[[ Exercise materials open ]]

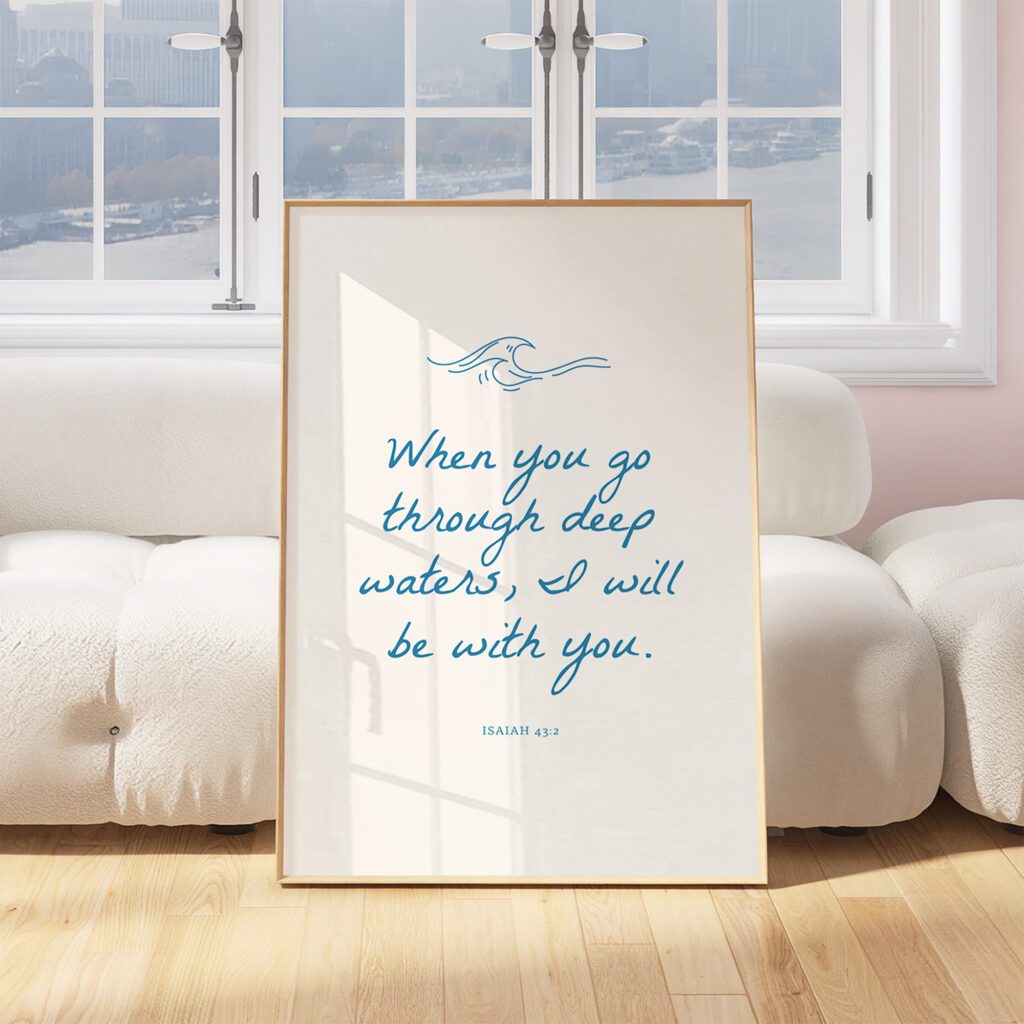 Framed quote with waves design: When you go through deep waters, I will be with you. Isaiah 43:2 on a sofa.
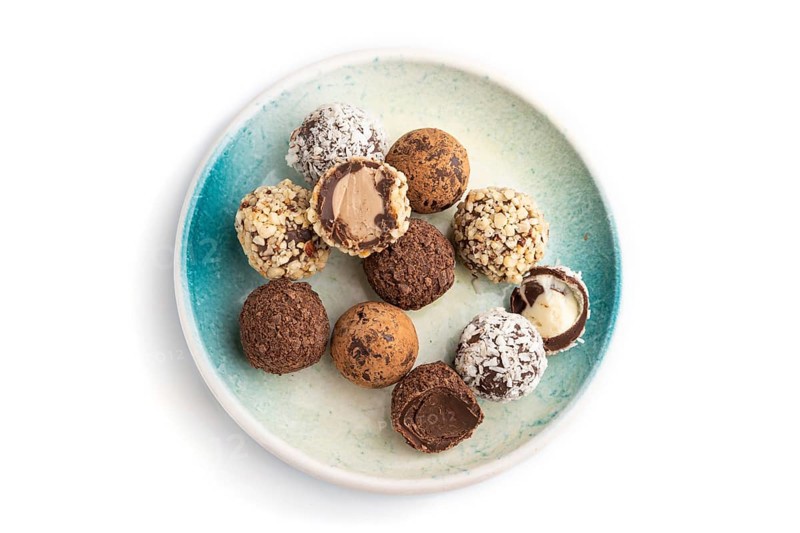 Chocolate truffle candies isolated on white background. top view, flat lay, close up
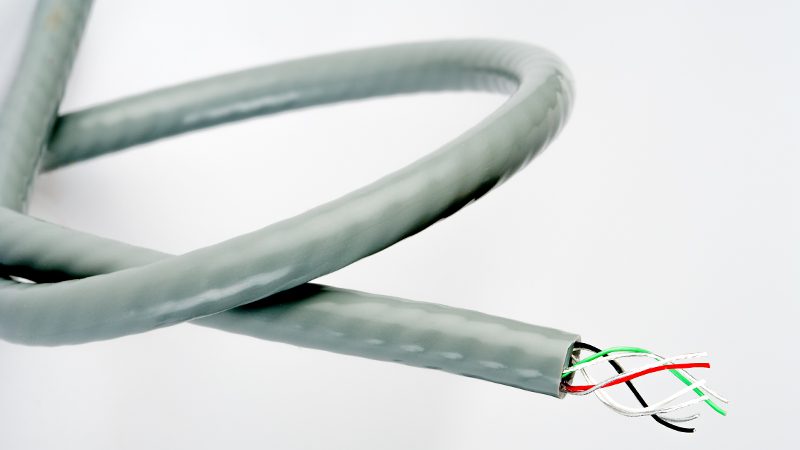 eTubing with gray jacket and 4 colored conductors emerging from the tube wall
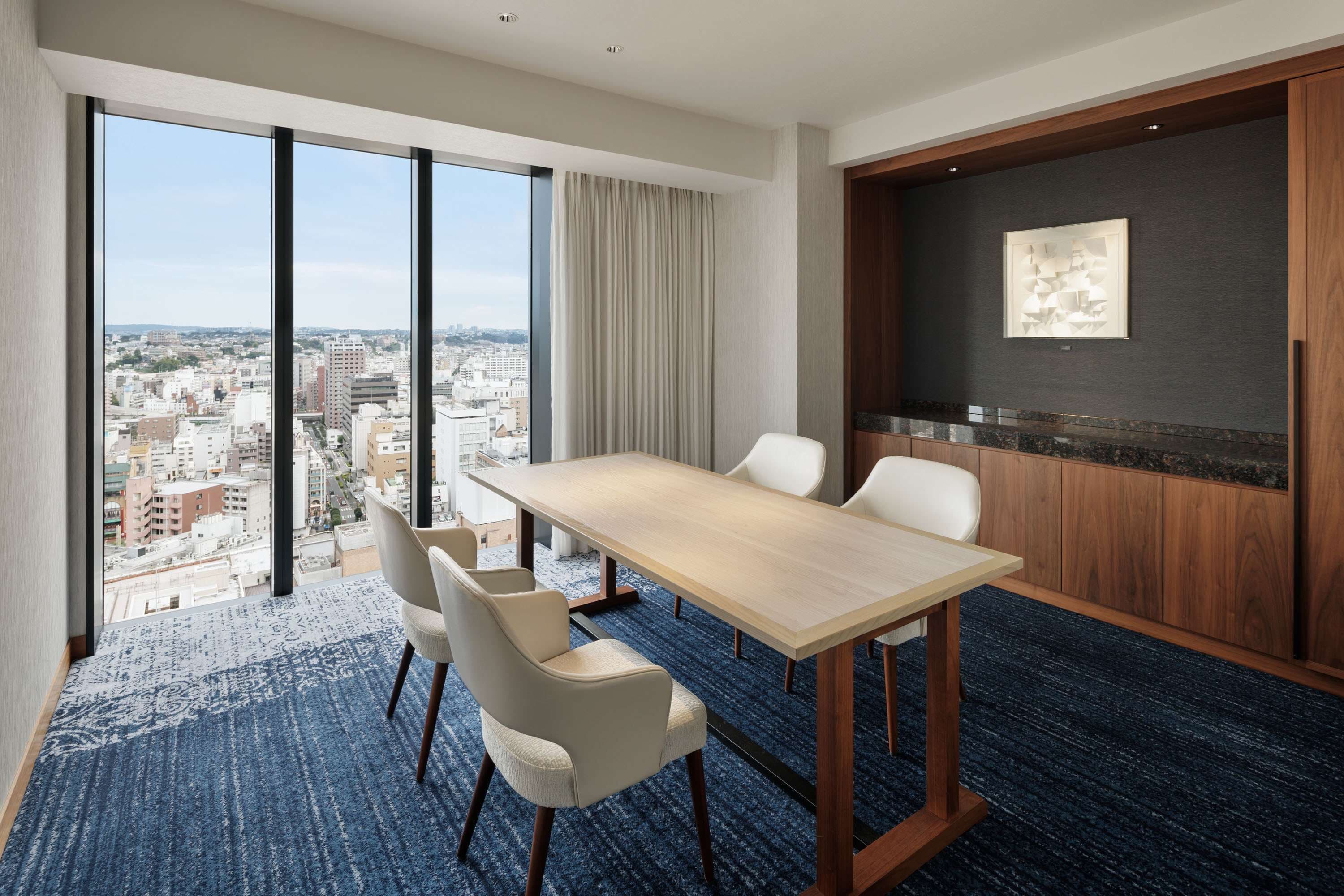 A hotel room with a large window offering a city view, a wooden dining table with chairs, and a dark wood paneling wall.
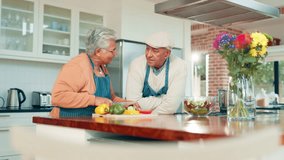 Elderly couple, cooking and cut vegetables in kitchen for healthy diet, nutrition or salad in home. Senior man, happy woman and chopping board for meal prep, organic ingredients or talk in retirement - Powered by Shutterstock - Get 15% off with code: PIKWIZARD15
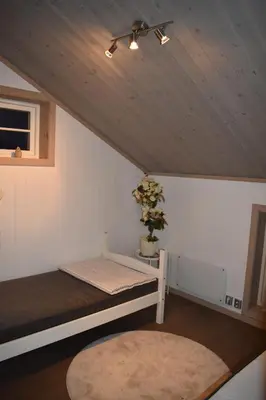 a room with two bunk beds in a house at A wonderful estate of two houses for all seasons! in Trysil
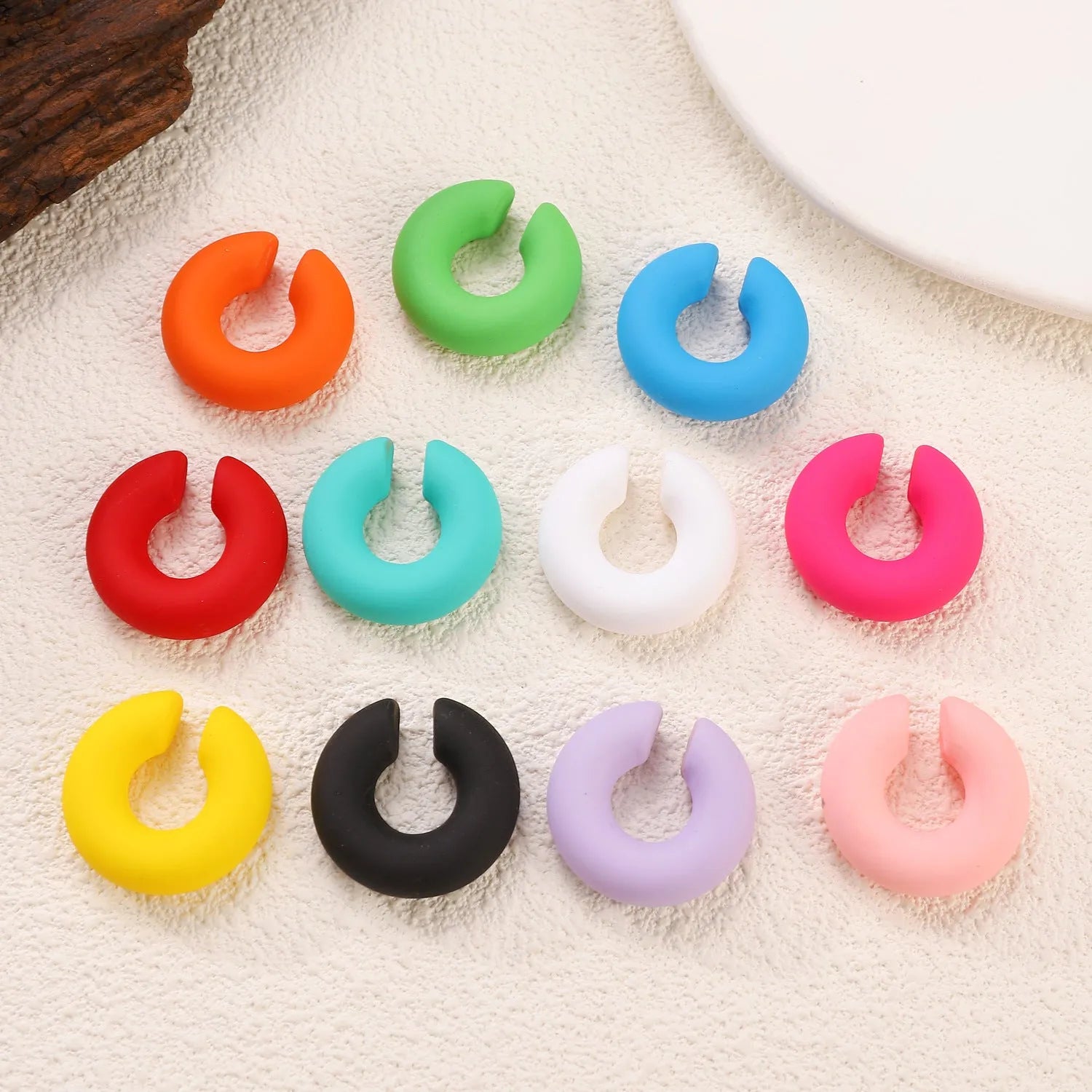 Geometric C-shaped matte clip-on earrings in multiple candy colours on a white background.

[[ Exercise materials closed ]]

• _Work item_
Beginning at the line that contains "A hotel room", give the remaining lines of the records again exactly, through the last one. Leave out pictures.

• _Problem solution_
 A hotel room with a large window offering a city view, a wooden dining table with chairs, and a dark wood paneling wall.
 Elderly couple, cooking and cut vegetables in kitchen for healthy diet, nutrition or salad in home. Senior man, happy woman and chopping board for meal prep, organic ingredients or talk in retirement - Powered by Shutterstock - Get 15% off with code: PIKWIZARD15
 a room with two bunk beds in a house at A wonderful estate of two houses for all seasons! in Trysil
 Geometric C-shaped matte clip-on earrings in multiple candy colours on a white background.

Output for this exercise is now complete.